ノーベル文学賞を受賞した際、改めて彼の作品を読み直し、最も興味を持ったのが『浮世の画家』でした。
まず、タイトルの「浮世」という言葉について。
「浮世」には、「現実の世界」という意味と「享楽的な世界(強いて言えば非現実)」という意味があります。それでは、本作品における「浮世」とは、「現実」なのか「非現実」なのか。
原題は『An Artist of the Floating World』。“Floating World”であれば、「非現実」の意味であろうというのが私の初読時の解釈でした。

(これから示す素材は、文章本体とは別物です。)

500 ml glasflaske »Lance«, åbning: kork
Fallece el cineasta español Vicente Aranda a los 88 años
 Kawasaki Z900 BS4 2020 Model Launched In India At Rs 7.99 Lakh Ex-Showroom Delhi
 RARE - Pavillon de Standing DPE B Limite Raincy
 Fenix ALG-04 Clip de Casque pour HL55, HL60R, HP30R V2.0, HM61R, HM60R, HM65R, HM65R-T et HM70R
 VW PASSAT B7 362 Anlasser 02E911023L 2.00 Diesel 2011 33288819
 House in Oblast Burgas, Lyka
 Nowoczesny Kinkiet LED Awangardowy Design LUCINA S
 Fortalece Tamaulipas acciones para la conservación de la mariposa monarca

それでは、初読時に残した私の読後メモを以下に記します。
―主人公である老画家小野益次が語り手。
若き日の小野は、戦時下においても享楽的な美を追求する「浮世の画家」であった師匠と決別、現実を見据えた(つもりで)愛国主義を標榜し、「現実の画家」として評価を得た。
しかしながら、戦後は、その過去の栄光と戦争に加担したという良心の呵責との板挟みに苦しむ晩年を送っている。
ところが、最後に明らかとなるのは、小野の思うところとは異なり、実際は彼の作品が現実社会に影響を与えたという事実はなく、結局、厳しい戦時下においては当の小野も「浮世の画家」でしかなかったという皮肉。
所詮、芸術とは、良くも悪くも現実の前にかくも無力なものなのか―

最初の長編『遠い山なみの光』や代表作である『日の名残り』同様、『浮世の画家』でも戦後の転換(パラダイムシフト)に戸惑う旧世代と現役世代の対比が鮮やかに描かれています。
そこで今回再読するに当たり、改めて原題の“Floating World”の意味を考えてみました。
直訳すると「浮動する世界」。
そうであれば、現実・非現実、主人公・師匠の二項対立でとらえるよりも、「移ろいやすい世界」ととらえる方がより適切とも思えます。
「浮世の画家」とは主人公も師匠をも含めた「移ろいやすい世界に生きるすべての画家」のことであり、すなわちそれは私たちの生き方に敷衍されるもの。

諸行無常。
価値観は時代によって大きく変わります。とかく変化の目まぐるしい現代において、自分の信じるものや拠り所を失ったとき、人はどのように立ち振る舞うのか。そして再生していくのか。
カズオ・イシグロが突きつけるテーマは、移ろいやすい世界に生きる私たちにとって普遍的な課題であります。

最後に。すぐれた文学は多様な読み解きが可能です。
以前にも当ブログで引用したように、「文学というのは、最初に表に見えたものが、裏返すと違うように見えてきて、もう一回裏返すとまた違って見えてくるという世界」(立花隆)であり、文学を読むことは、物事を多角的に見る眼を養うことにもなるのです。

今朝のお供、
Weezer(アメリカのバンド)の『Pinkerton』。